So in this spam data we can do, actually do

this for a more variables than just the two variables.

This is why principal components may be useful.

So here, I'm creating a variable that's just going to

be the color we're going to color our points by.

So it's color equal to black if you are not

a spam and color equal to red if you're a spam.

And this variable here, or this statement here

calculates the principal components on the entire data set.

So you'll notice that I've applied a function

of the data set, the log 10 transform.

And I've added one.

I've done this to make the data look a little bit more Gaussian.

Because some of the variables are normal

looking, because some of the variables are skewed.

And you often have to do that

for principal component analysis to look sensible.

So then I calculated the principal components of the entire data set.

So in this case I can now again

plot principal component one, versus principal component two.

Principle component one is no longer a very easy addition of two variables.

It might be some quite complicated combination

of all the variables in the data set.

But it's the combination that explains the most variation in the data.

Principle component two is the combination that explains the second most variation.

And principal component three explains the third most and so forth.

So if I plot principal component one.

That's just a variable that I've calculated.

Versus variable principal component two

that's another variable that I've calculated.
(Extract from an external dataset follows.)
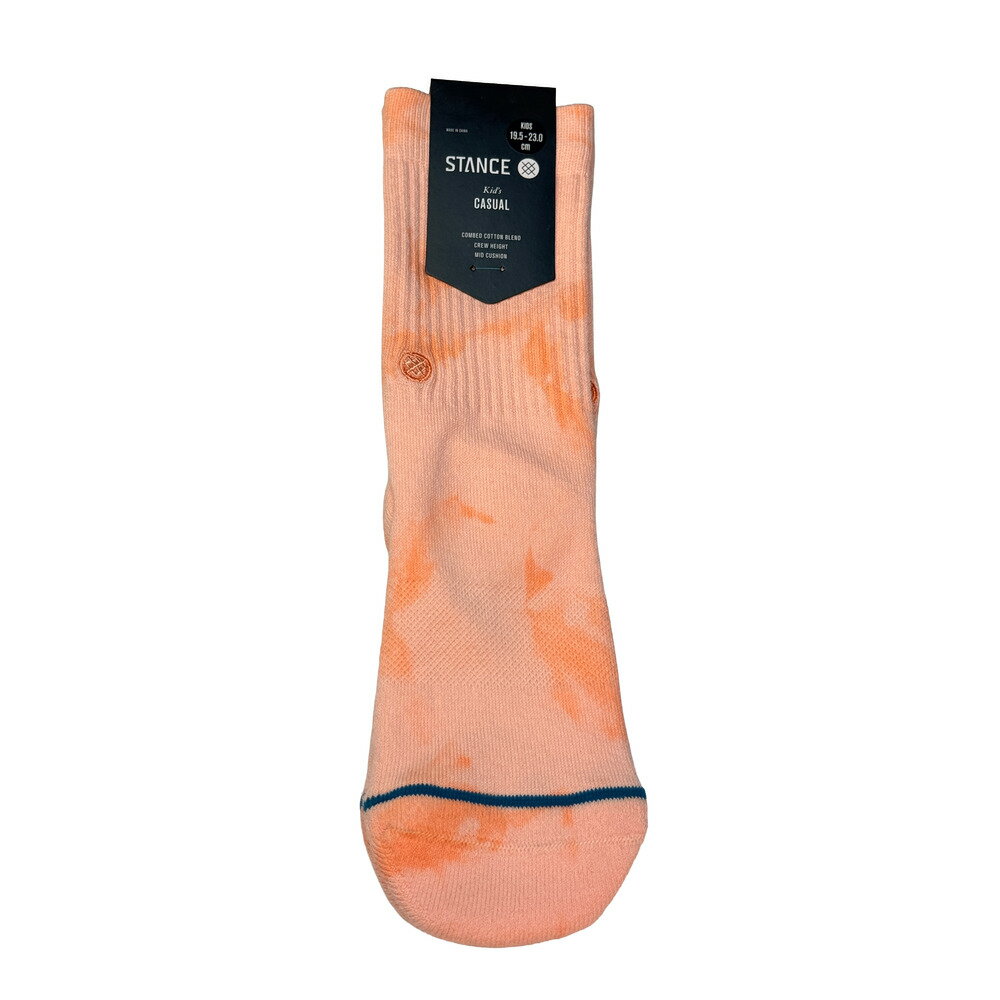 乐天商城 - STANCE スタンス Rosy Crew Socks Kids キッズ ソックス 靴下 クルーソックス タイダイ ピンク YL 19.5-23.0cm ミディアムクッション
Then I color them by the spam indicator.

So, whether each point, so each of

these points corresponds to a single observation.

The red ones correspond to spam observations

and the black ones just ham observations.

You could see that in principal component

one space, or along the principal component one.

There's a little bit of separation of the ham messages from the spam messages.

In other words the spam messages tend to have

a little bit higher values than principal component one.

So this is a way to reduce the size of your data set while still

capturing a large amount of variation which

is a, a, the idea behind feature creation.